Is the feeling mutual? Why mutual values are so sorely needed!

15 May 2024

Mike Russell

Written by Tim Bowen, CEO at Mutual Vision

When it comes to high street banking, Nationwide is famously proud to be different. It should be. Mutuals, Nationwide being the biggest example, act as a counterweight to their profit-gouging rivals. MV is equally proud of our mutuality — if slightly less famous, perhaps.

Our unique structure manifests in our commitment to the mutual ethos and enables us to collaborate with our customers, listen to their needs, and find solutions in a way that other providers can’t. We try to represent the alternative side of technology provision, occupying the same sort of philosophical space as, say, John Lewis or the cooperatives among people’s affections.

Since mutuals are owned by customers, employees or suppliers, they can do business in a different way. They can (and do) make a profit, but they’re able to share that profit less narrowly than just their shareholder base. They can plan for the long term, giving greater priority to looking after their people, the planet and the communities they serve.  Better treatment of customers is at the core of the mutual philosophy. The mutual benefit created by not having dividends to pay, means we can ensure they get better long-term value and better service from us than from other providers. Let us also not forget, building societies have been, and will continue to be, the innovators — the original crowd funders — the institutions that have brought some of the most creative products to the UK market.

Obviously, we have to take commercial decisions in order to operate as a modern technology provider that is able to thrive in today’s tough market environment and provide a real alternative to the larger, global consultancies ploughing their trade in the UK. But we are not hard-nosed. We remain committed to the values of openness, fairness and responsibility to our members and society.

We also work in a spirit of collaboration with our customers — which chimes with the ethos of the mutual movement — based as it is on Victorian values of self-help and community solidarity. We work with our customers to understand their needs and the requirements of the wider market.  Our customer base includes non-building society customers like Streambank and our collaboration with them ensures their needs are also captured and fulfilled, too.  We are proud to take input from our customers because we are not profit-obsessed.  Why do we do it this way? It’s not because we have to — or even because we are driven to do so due to our values — it’s because it’s the way it should be done. Collaboratively, alongside our customer base as their trusted partner — as well as their critical friend.

Many of our employees are steeped in mutual values, too, and this helps protect our ethical ethos. We have a product owner who’s worked for Nationwide and Yorkshire; our technical training consultant worked as a coach at Leeds; and Caroline Shard, our senior support analyst, worked at Vernon for 17 years. Our chairman, Stephen Mitcham, spent over twelve and a half years running Cambridge Building Society, served as chair of the BSA, and is still a non-exec of Progressive. We can talk the talk because so many of us have walked the walk.

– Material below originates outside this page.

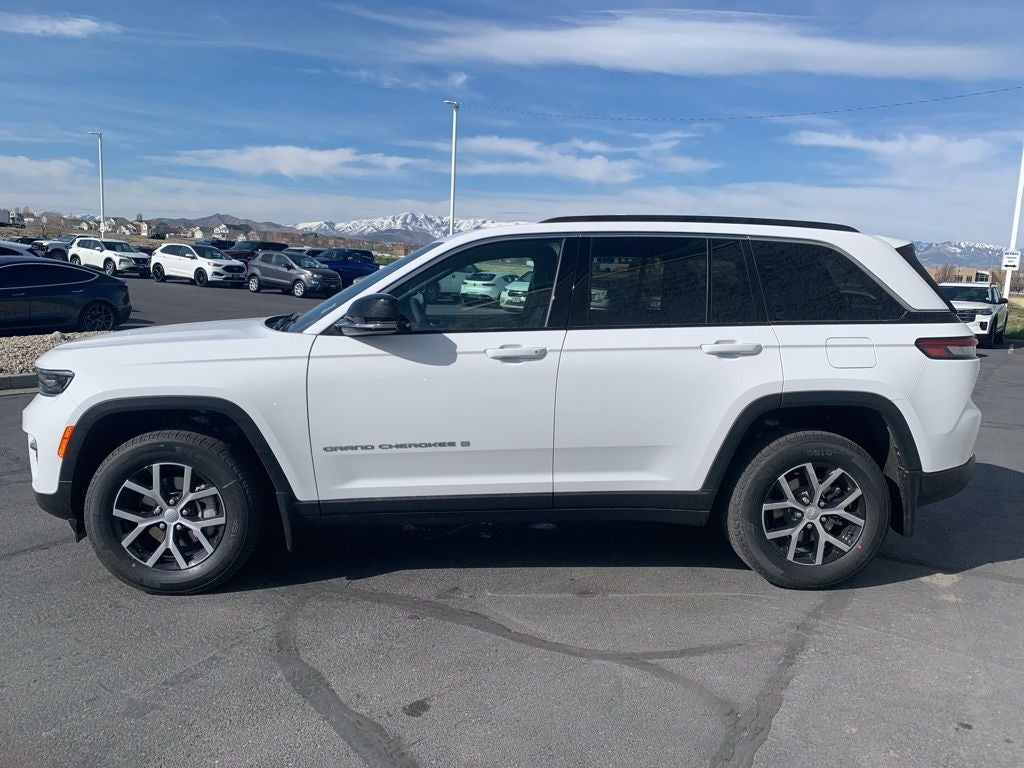 2025 Jeep Grand Cherokee GRAND CHEROKEE LIMITED 4X4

I’m from a building society background, too; I joined MV having spent seven years running Penrith Building Society. I like to think I know more than most fintech CEOs about the principles of mutuality — and I hope the fact the board put me at the helm is evidence enough of MV’s commitment to it. Our hearts and souls are in the right place and the business is run ethically as a result. I want to protect the mutual sector. Right now, I think this is the best way for me to help: by supplying my customers, both new and existing, with banking systems and software that will help them to level the playing field and achieve their strategic objectives for the long term.

Mutuals tend to have a strong sense of social purpose, extending their impact beyond members. There has always been great public enthusiasm for businesses that do the right thing for society while also turning a profit. With the increasing interest in sustainable growth and the realisation in the wake of the credit crunch that some financial services institutions were not being run ethically, this has never been more true. The public is only becoming more interested in the environmental and social impact of business. Institutions owned by their members, and run along ethical lines.  The mutual ethos is in tune with the times. Public perceptions of business are shifting towards sustainability, social responsibility, and ethical sourcing — particularly among younger consumers. In a survey conducted by the Social Market Foundation last year, 54% of those polled said mutuals can make a big difference to society. The public sees the appeal of mutuality.

Even if we were to change our ownership structure tomorrow, we’d remain consistent to our mutual values. Afterall, what do we want the modern digital businesses to deliver? We all have different answers, but I’m sure most people would have a list that includes the creation of good jobs, affordable services delivered in a sustainable way. These are all things the mutual ethos helps deliver.

In a commercial landscape dominated by profit-driven giants, mutuals stand as beacons of a different ethos — one where values trump dividends. By putting customers, employees, and society at the heart of their business model, mutuals embody a commitment to fairness, to their customers, and to long-term sustainability. As the public’s appetite for ethical and socially responsible businesses grows, mutuals are uniquely positioned to meet these demands, delivering not only financial returns but also a positive impact on society and the environment.  In an era where corporate responsibility is becoming ever more important, mutuals offer a compelling alternative, proving that profit doesn’t have to come at the expense of principles.

Building societies have a long and proud history and MV is dedicated to advancing the legacy of mutualism into the future.